As an only child, she had a deep sense of obligations to her parents. When the call came from Eretz Yisroel to let her know that her aging father planned to move himself and Shulamit’s mother, who suffered from dementia, into a nursing home, she didn’t hesitate. With a regretful farewell to the friends and the comforts of Marseille, she packed her bags and moved to Eretz Yisroel. For the next five years she shared an apartment with her parents and cared devotedly for their every need. It wasn’t always easy. Sometimes it was downright horrific. But her children, neighbors and friends witnessed the way she rose to this challenge, showering goodness and gratitude on her ailing mother and father until they left this world.

Amidst all of this, she hosted her children and grandchildren for Shabbos and yom tov, kept busy doing endless acts of chesed to all and sundry, and served as a sought-after teacher in a seminary for French-speaking girls. She led a rich and meaningful life, but it wasn’t enough for Shulamit. With her parents gone and her children settled, she set her sights on the next stage of her life: remarriage. She was in her sixties by then, a time when many people would prefer to start taking things easy.

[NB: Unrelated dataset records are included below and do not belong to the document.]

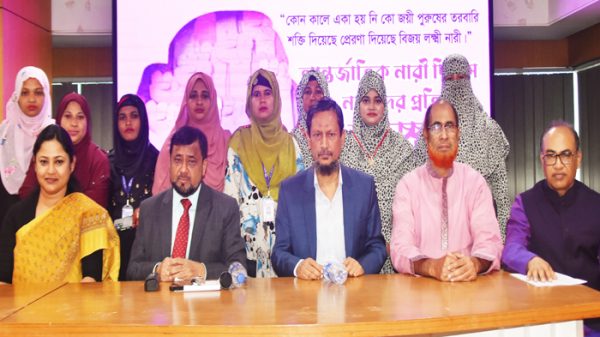 ন্যাশনাল লাইফ ৮ নারী কর্মীকে সংবর্ধনা দিল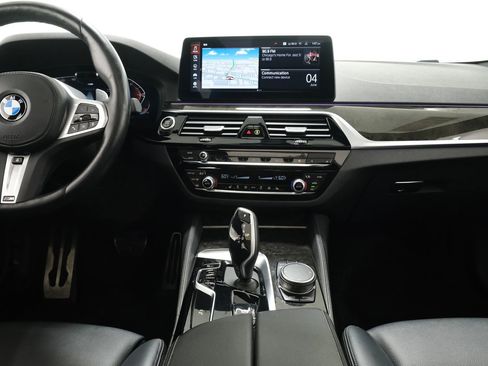 Used 2023 BMW 540i xDrive w/ M Sport Package AWD/4WD image 9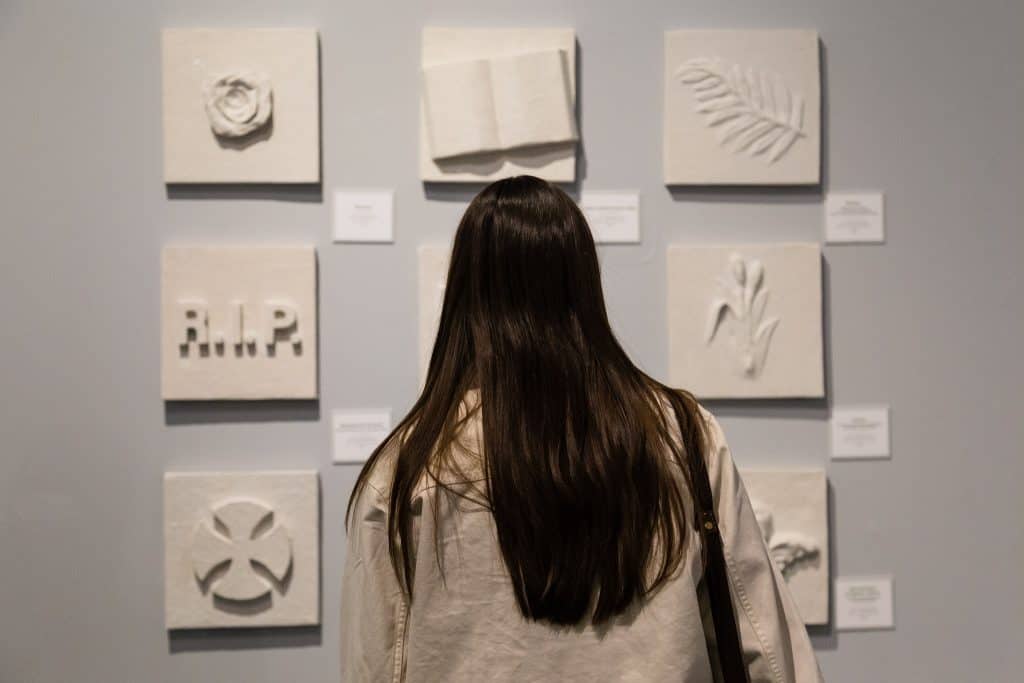 1. Obra de arte en relieve con formas geométricas y naturales en tonos blancos y neutros.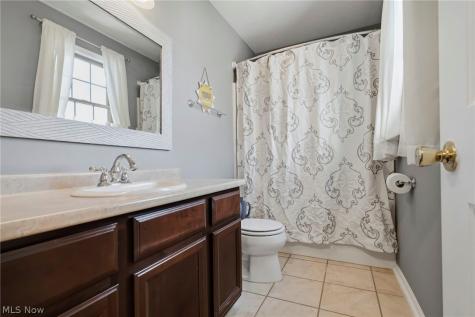 5627 Alcorn Avenue Louisville OH 44641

But Shulamit yearned for the privilege of helping another talmid chochom reach his maximum potential in Torah.

Her engagement to Rav Yaakov Yeshaya Blau, a member of the Eidah Hachareidis, astounded all who heard of it. Their backgrounds were extremely dissimilar. In marrying Rav Blau, Shulamit was stepping into a new culture that demanded some meaningful sacrifices on her part.

But she plunged into her new life with all her usual enthusiasm. Her new husband was a talmid chochom; that was all that mattered. Now she had an even wider circle to whom to give, a new family on whom to shower her warmth and wisdom. She gave Rav Blau seven happy, productive years, during which he wrote two more important seforim and continued to expand the kashrus supervision of the Eidah Hachareidis all over the world.

  • ••

Once, when traveling in the U.S. during the years of her widowhood, Shulamit found herself sitting beside another woman. In a depressed voice, the woman confided that she, too, was a widow. She was woeful and fearful, filled with self-pity and worry about the future. Shulamit listened with compassion, and proceeded to share her own world view. By the time the trip was over, her fellow passenger was bowled over by Shulamit’s positive attitude. “I don’t know what you have,” she told her seatmate fervently. “But I want some of it!”

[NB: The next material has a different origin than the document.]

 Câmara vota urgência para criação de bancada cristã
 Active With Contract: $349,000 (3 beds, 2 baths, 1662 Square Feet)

We can all have some of it. Shulamit Bitton showed us how: By remembering that we are not here in this world to suffer and be victims, but to access the joy within us to make ourselves and others happier. By never forgetting our unbreakable bond with our loving Creator.

When Shulamit Bitton shone her special light on a person, he or she came away feeling a little warmer and more optimistic than before. Let’s be inspired by her to rise to the challenges of our lives, to shine our light unto those around us, so that together we can make the world a brighter place.